Oxidant Concentration Modulated Metal/Silicon Interface Electrical Field Mediates Metal‐Assisted Chemical Etching of Silicon

Abstract

AbstractMetal‐assisted chemical etching (MacEtch) of silicon in HF aqueous solutions has attracted great interest due to its wide range of applications including photovoltaics, thermoelectrics, Li‐ion batteries, and bio/chemical sensors. However, to date, the understanding of MacEtch process is rather limited. In this work, the effects of the H2O2 concentration as well as the properties of silicon on MacEtch in HF‐H2O2 aqueous solutions are investigated in detail. It is found that for low oxidant concentration, the MacEtch rate of silicon is oxidant concentration dependent and doping type dependent.
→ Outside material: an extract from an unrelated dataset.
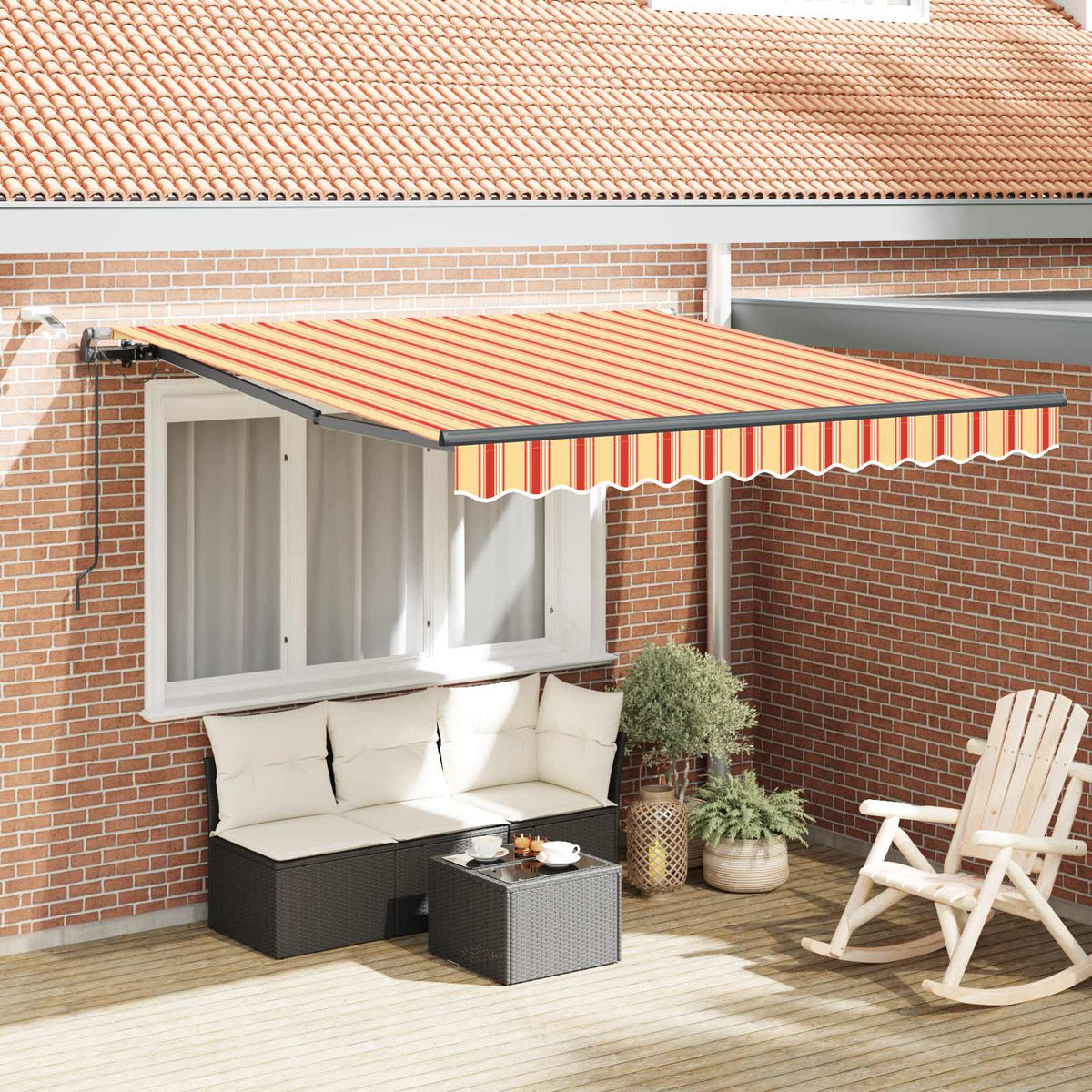 Vidaxl uitschuifbare luifel geel en oranje 350 x 250 cm polyester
While for high H2O2 concentration, the MacEtch rate increases with increasing H2O2 concentration, but exhibits no evident dependence on doping types. An oxidant concentration modulated metal/silicon interface electrical field model is proposed for MacEtch of silicon on the basis of experimental findings and semiconductor/metal contact theory. The model shows that excessive holes' accumulation at the metal/silicon interface generates a spontaneously biased voltage at metal/silicon interface and changes the interfacial electric field and thereby the interface band bending, successfully explains the characteristics of MacEtch of p‐type and n‐type silicon while naturally explains many characteristics of MacEtch of silicon such as porosification of nanowires and silicon substrates, thus provides new insights into the MacEtch of silicon.